Depuis peu, le Portugal peut se financer à moindre coût que la Belgique, parce que le pays a réalisé un redressement spectaculaire de ses finances publiques.

À un moment où l’on nous dit que l’urgence absolue est de redresser la compétitivité, de soutenir l’innovation et de répondre au défi climatique, on aurait voulu d’autres symboles. Il est paradoxal, par exemple, que la Région flamande lève le pied sur l’investissement climat au moment même où les assureurs du pays s’inquiètent de la dévastation qu’auraient causée en Flandre des inondations similaires à celles qui ont touché l’Europe centrale. Si la tempête Boris était passée en Flandre, elle aurait sans doute causé pour 6 ou 7 milliards de dommages. Il y a donc des mesures à prendre aujourd’hui pour limiter les dégâts demain.

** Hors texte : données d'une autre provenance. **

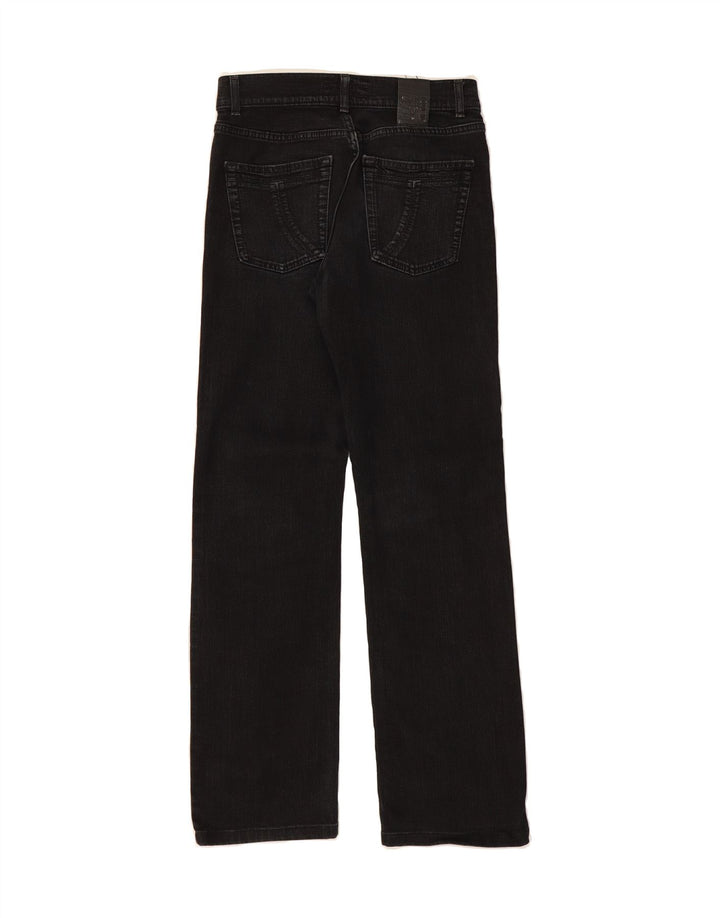 TRUSSARDI Womens Straight Jeans W29 L31 Black Cotton Vintage Trussardi and Second-Hand Trussardi from Messina Hembry 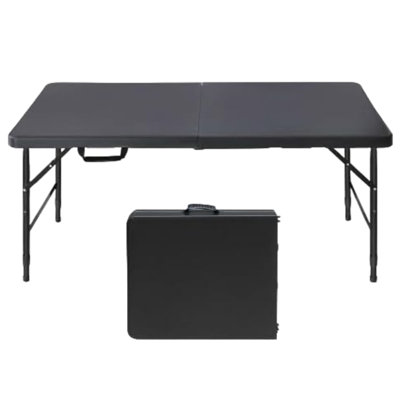 124.97cm Adjustable Folding Table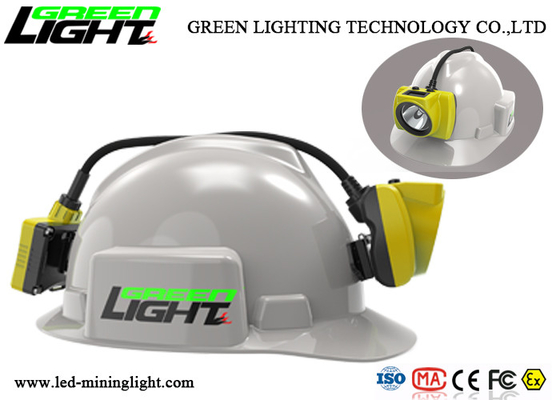 چند منظوره بی سیم LED Miners Cap Lamp 358lum 3.7V برای ایمنی در زیر زمین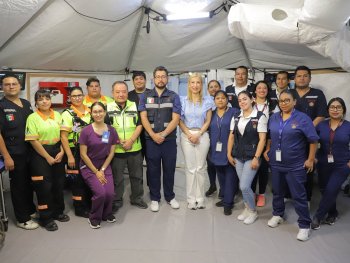Hospital Móvil del FIFA Fan Festival en Monterrey cierra con 345 atenciones, 142 a extranjeros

Si nos économies veulent rattraper leur retard, il faut rassembler tous les moyens financiers disponibles et lever des milliards de financement, privés mais aussi publics. Et pour ce faire, il faudra plus que jamais veiller à la qualité de nos dépenses publiques, au fédéral, mais aussi au niveau régional, ce qui sera un élément prépondérant pour attirer les investisseurs. On le voit déjà : depuis peu, le Portugal peut se financer à moindre coût que la Belgique, parce que le pays a réalisé un redressement spectaculaire de ses finances publiques ces dernières années. La dette portugaise est ainsi retombée fin de l’an dernier en dessous des 100% du PIB. La nôtre est toujours largement au-delà.

Pourquoi est-ce important ? Pas pour imposer une austérité mortifère, mais parce que si nous voulons provoquer ce choc de compétitivité et d’innovation qui nous est indispensable, il faudra lever des centaines de milliards au niveau européen. Or, les pays dits “frugaux” freinent des quatre fers parce que nous ne les avons pas encore convaincus que nous n’utiliserions pas cet argent communautaire pour combler nos déficiences budgétaires. Comme disait un haut fonctionnaire d’un pays voisin, “il faut balayer devant sa porte”. Au vu des déclarations régionales de ces derniers jours, il y a encore de la poussière sur le seuil.